* [PROBLEM TO SOLVE]:
Leave out every picture and set down, exactly, the lines below from the one holding "Kynttilä mocha mousse 9x8cm" up to and including the one holding "50's Retro Stand Mixer (Large / White)".

━━━ SOURCE RECORDS

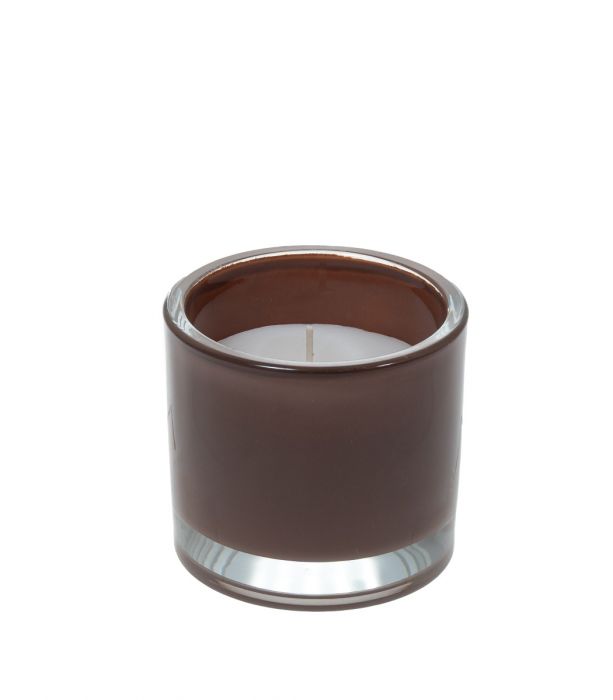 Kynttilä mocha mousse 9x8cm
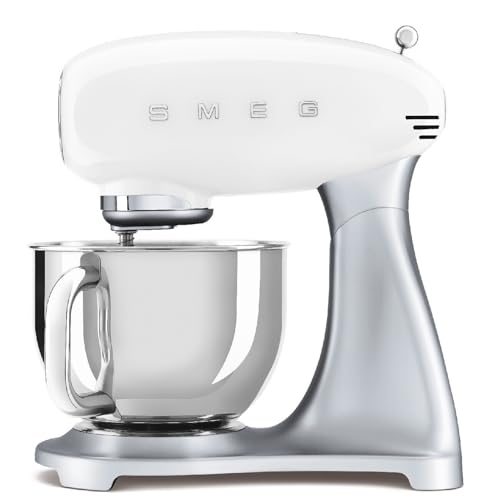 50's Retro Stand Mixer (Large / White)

━━━━━━
━━━ SOURCE RECORDS

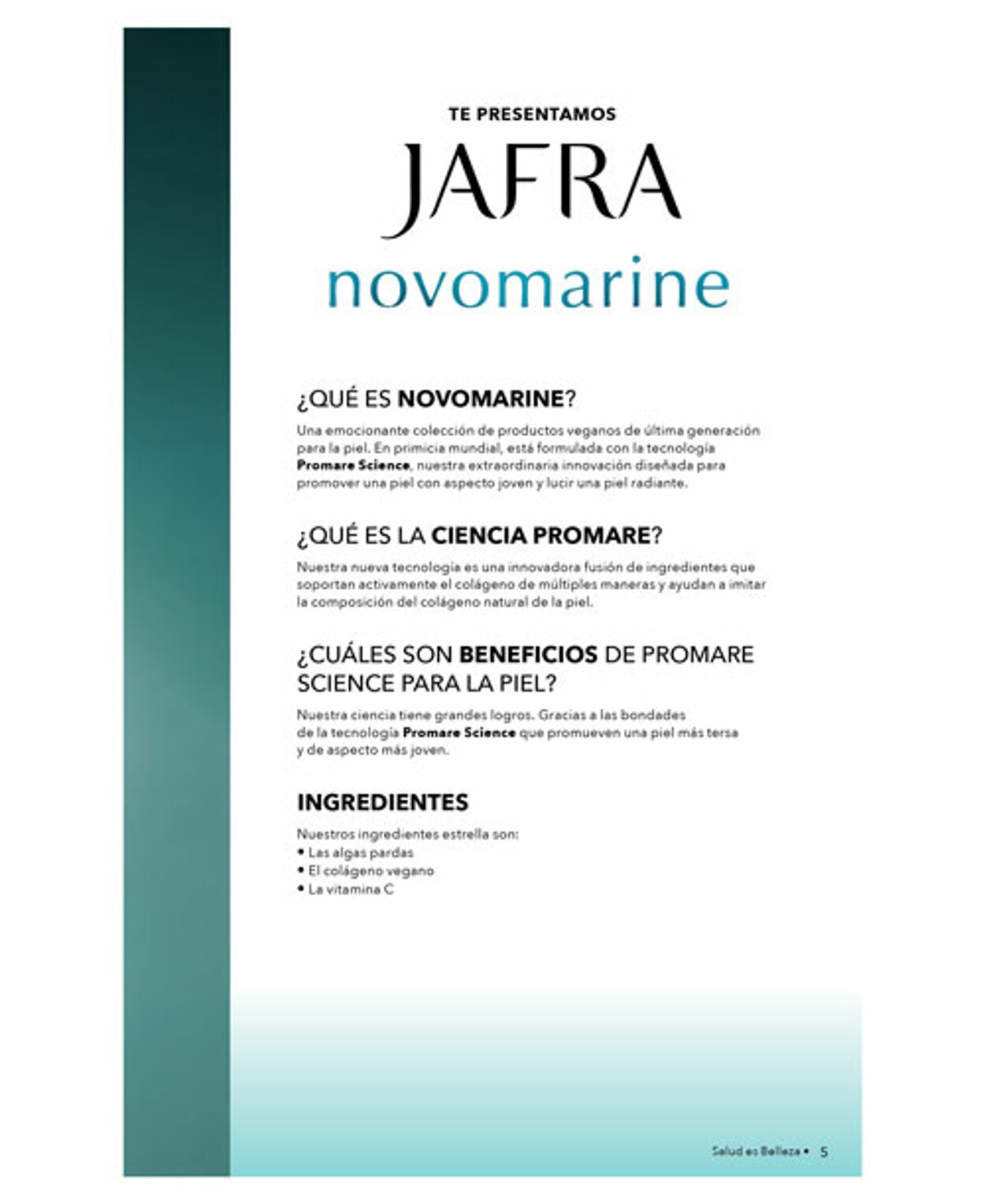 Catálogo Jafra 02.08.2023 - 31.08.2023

━━━━━━
━━━ SOURCE RECORDS

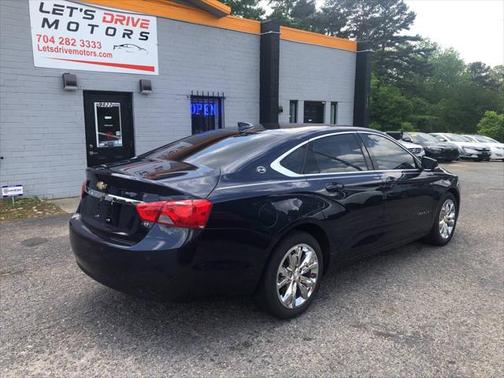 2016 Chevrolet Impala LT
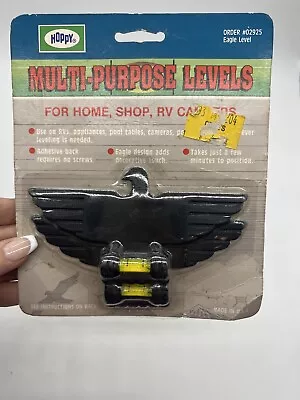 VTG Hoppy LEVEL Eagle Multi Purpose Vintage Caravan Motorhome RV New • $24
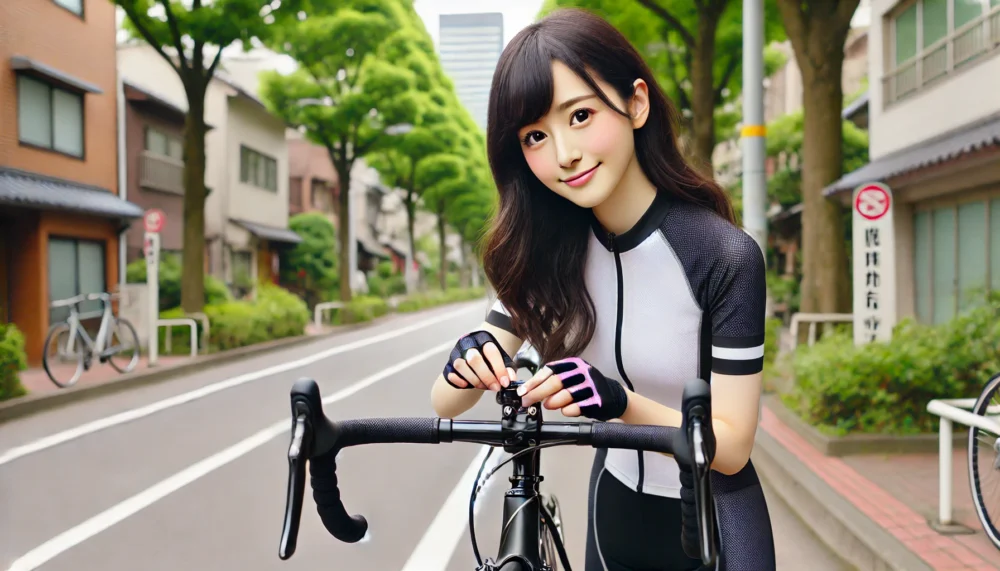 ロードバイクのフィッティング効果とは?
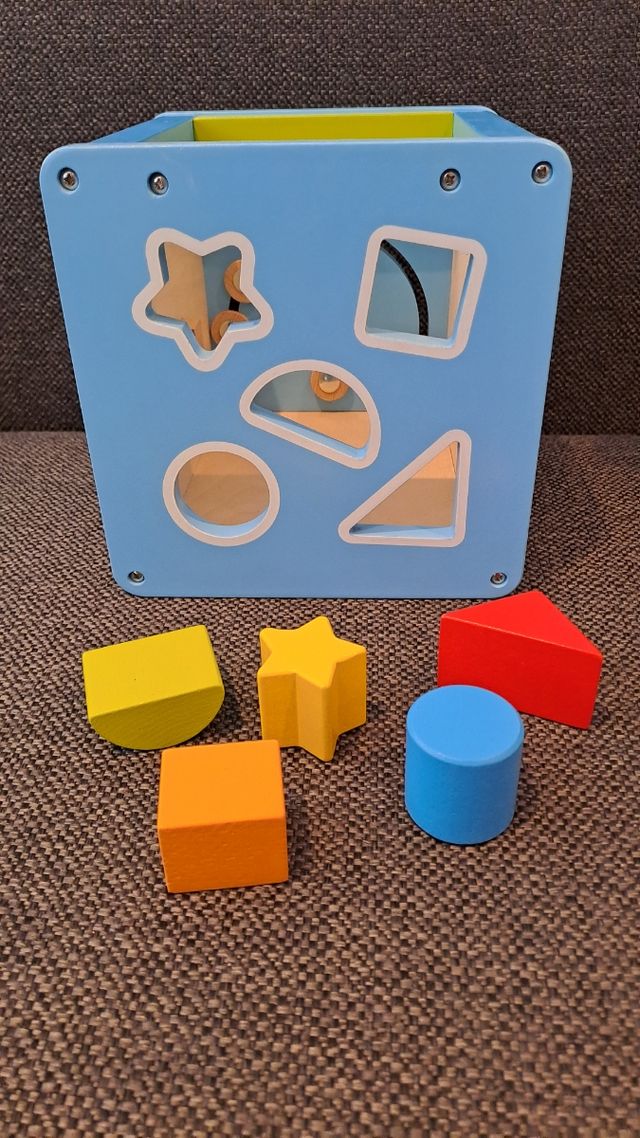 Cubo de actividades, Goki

━━━━━━

* [RESPONSE]:
 Kynttilä mocha mousse 9x8cm
 50's Retro Stand Mixer (Large / White)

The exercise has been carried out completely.